Suyun hemen karşısında bulunan Lesbos (Midilli) Adası’ndaki Methymna şehrinden gelen Aioller tarafından İÖ 2 binlerde, kıyı şeridi ile 1500 metre uzaklıkta olan Tuzla Çayı arasında kalan alanda, hem denize hem de karaya hakim bir tepede kurulmuş olan Behramkale, 4 bin yıllık tarihi boyunca Helen ve Pers savaşlarına, Aristotales’in derslerine, Büyük İskender’in fetihlerine, Roma ve Bizans uygarlıklarına, Haçlı seferlerine ve Osmanlı İmparatorluğuna tanıklık etmiş. Bağımsızlığına kavuştuktan sonra Attika Deniz Birliği’nin üyesi olan kentin idaresi, İÖ 350 yıllarında Hermias’ın eline geçmiş. Hermias, dönemin büyük iş adamı ve banker Eubulos’un kölesi olmasına rağmen yeteneği ve çalışkanlığı sayesinde sahibi tarafından öğrenim için Atina’ya gönderilmiş. Orada Platon’un öğrencisi olmuş, Aristo’yla dostluk kurmuş. Anadolu’ya döndükten sonra hem para hem de devlet işlerinde Eubulos’un ortağı olan Hermias, Assos kentini Eflatun’un öğrencileri olan Erastos ile Koriskos’a hediye etmiş, onlar da kentte bir felsefe okulu kurarak Hermias’ın politik düşüncelerini etkilemiştir. Platon’un ölümünden sonra, Hermias’ın daveti üzerine Aristo, Ksenokrates ile birlikte Assos’a gelmiş ve burada ilkokulunu kurmuş. Aristo’nun kaldığı üç yıl boyunca (347- 345) kent, Yunan düşünce hayatının önemli bir merkezi olmuş.

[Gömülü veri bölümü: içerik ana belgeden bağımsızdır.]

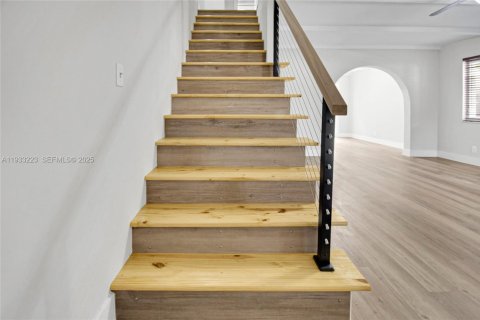 Casa en alquiler en Fort Lauderdale, Florida, 2 dormitorios, 258.92 m2 № 1991081 - foto 7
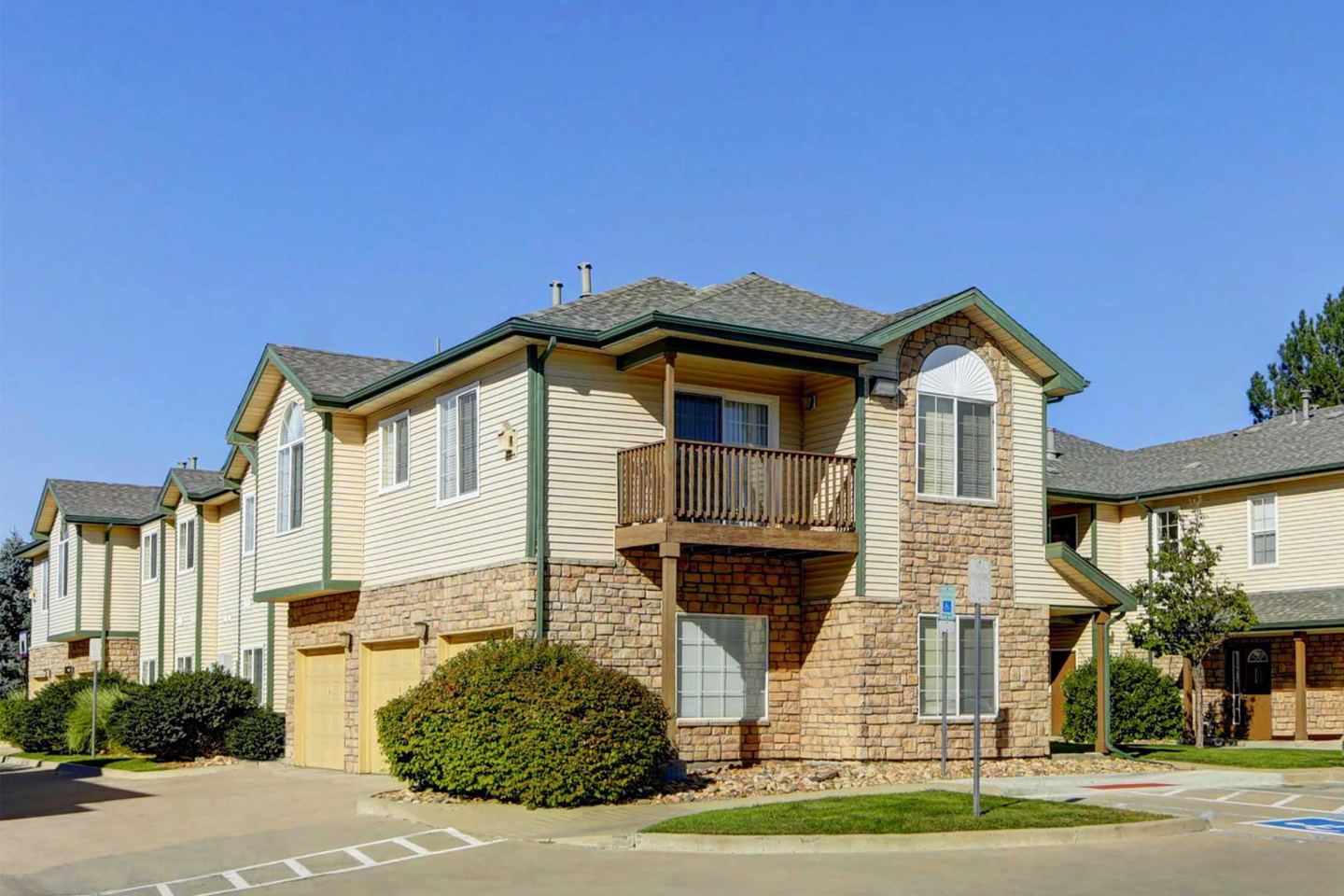 Alder Peak Townhomes Image 27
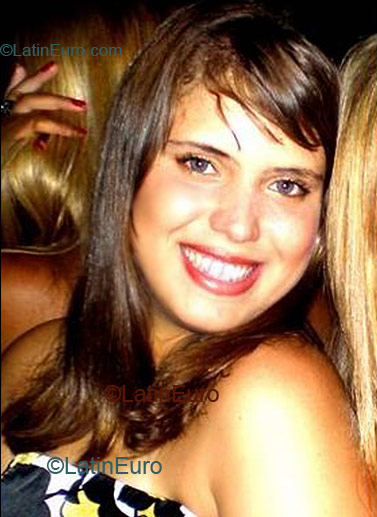 Date this pretty Brazil girl Cecilia from Rio De Janeiro B1401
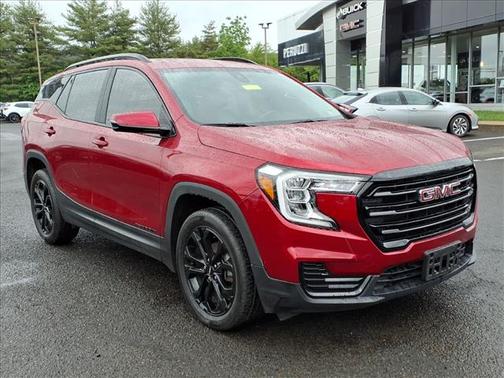 Cayenne Red Tintcoat 2022 GMC Terrain SLE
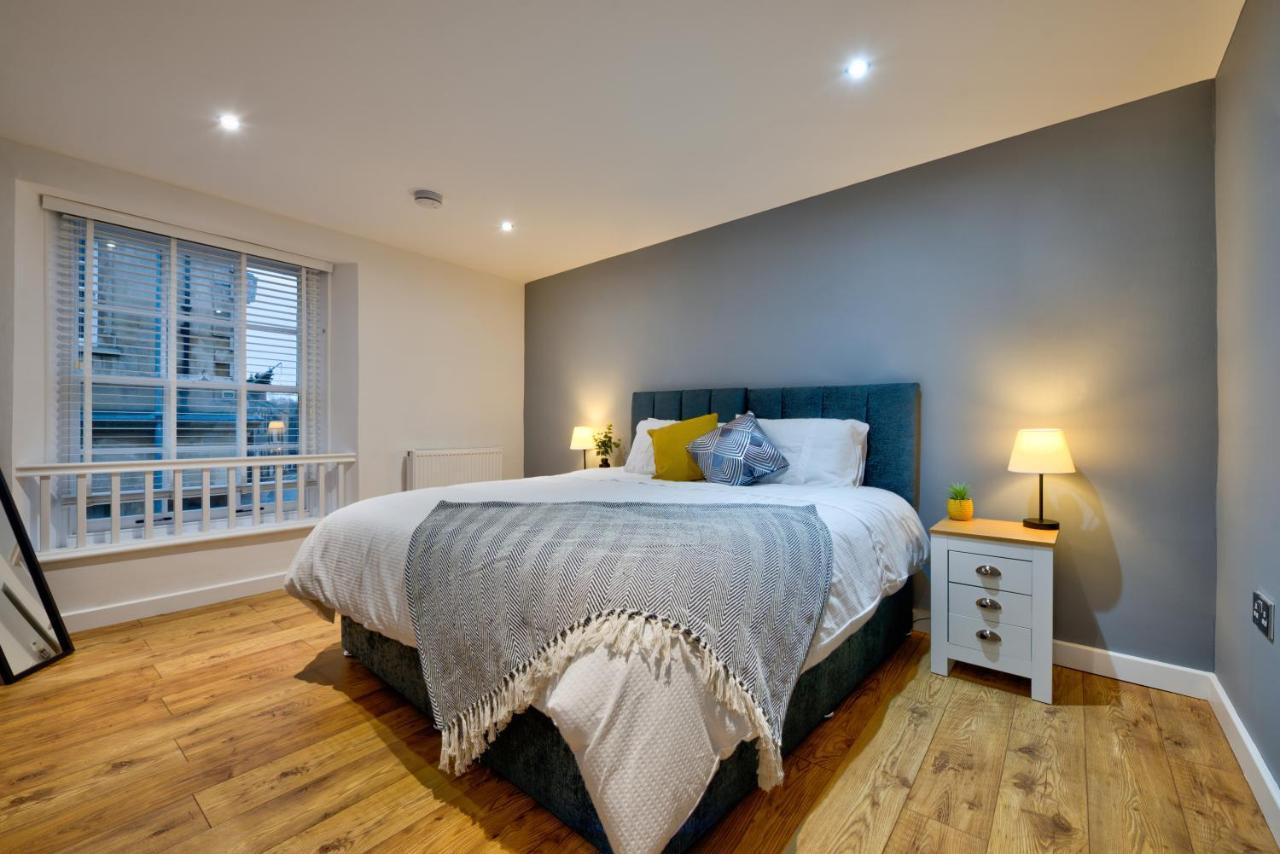 Central Stamford Retreat - Stylish 2-Bed Apartment & Parking Bagian luar foto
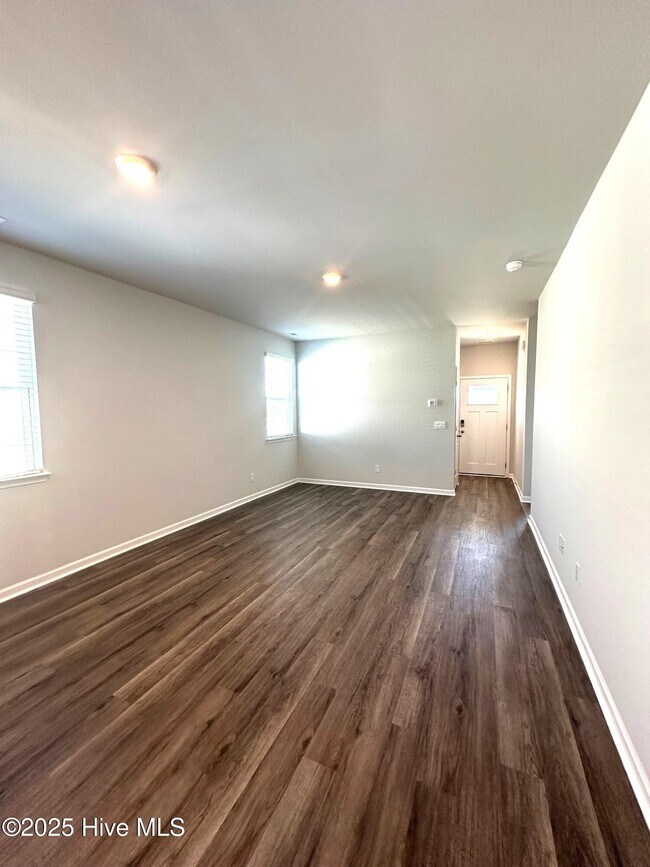 Foto del edificio - 117 N Atlantic Ave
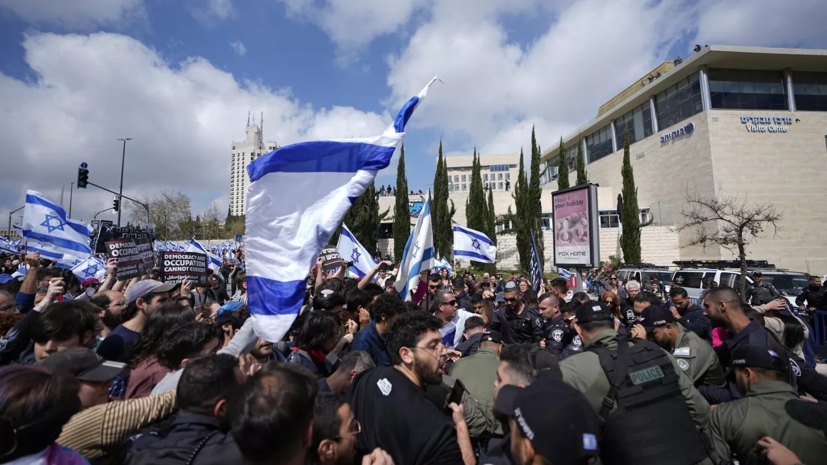 «Гаарец»: полиция разогнала антивоенный митинг в израильской Хайфе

Aristo’nun felsefe okulunu kurması, kimi söylentilerde biraz daha romantikleştirilmiş, anlattıklarına göre Hermias’ın daveti üzerine Assos’a gelen Aristo, Hermias’ın kız kardeşi, güzeller güzeli Pythias’ı görür görmez âşık olmuş ve yemeden içmeden kesilmiş. Bunun üzerine Hermias, Assos’ta bir felsefe okulu açtığı taktirde kardeşini Aristo’ya vereceğini vaat etmiş ve hikaye mutlu sonla bitmiş.
Kimi kaynaklar ise Aristo’nun Atina’dan Behramkale’ye gelmesinin asıl amacının, Platon’un ünlü eseri Devlet’ten bahsettiği ideal devlet şeklini hayata geçirmek olduğundan söz ediyor. Keşke bu ütopyayı gerçekleştirebilseydi Aristo. O zaman herkes erdemli olmaya çalışırdı. Hatta devletin görevi, erdemli insanlar yetiştirmek olurdu. Ve en önemlisi, toplumsal uyumun sağlanması için kişisel bencilliğin ortadan kaldırılması zorunlu kılınırdı.
Assos’ta Güneşin Dansı
Assos’ta yaşanması gereken tecrübelerden biri Antik kentin en yüksek noktasında bulunan Athena tapınağına çıkmak. Kendinizi bir kartal gibi hissedeceğiniz bu noktada tüm Ege denizini ayağınızın altına alacak karşınızda bulunan Midilli adasına hükmedeceksiniz. Güneşin Ege denizi üzerindeki dansına tanıklık etmek için akşam saatlerini veya sabahın erken saatlerini tercih etmelisiniz.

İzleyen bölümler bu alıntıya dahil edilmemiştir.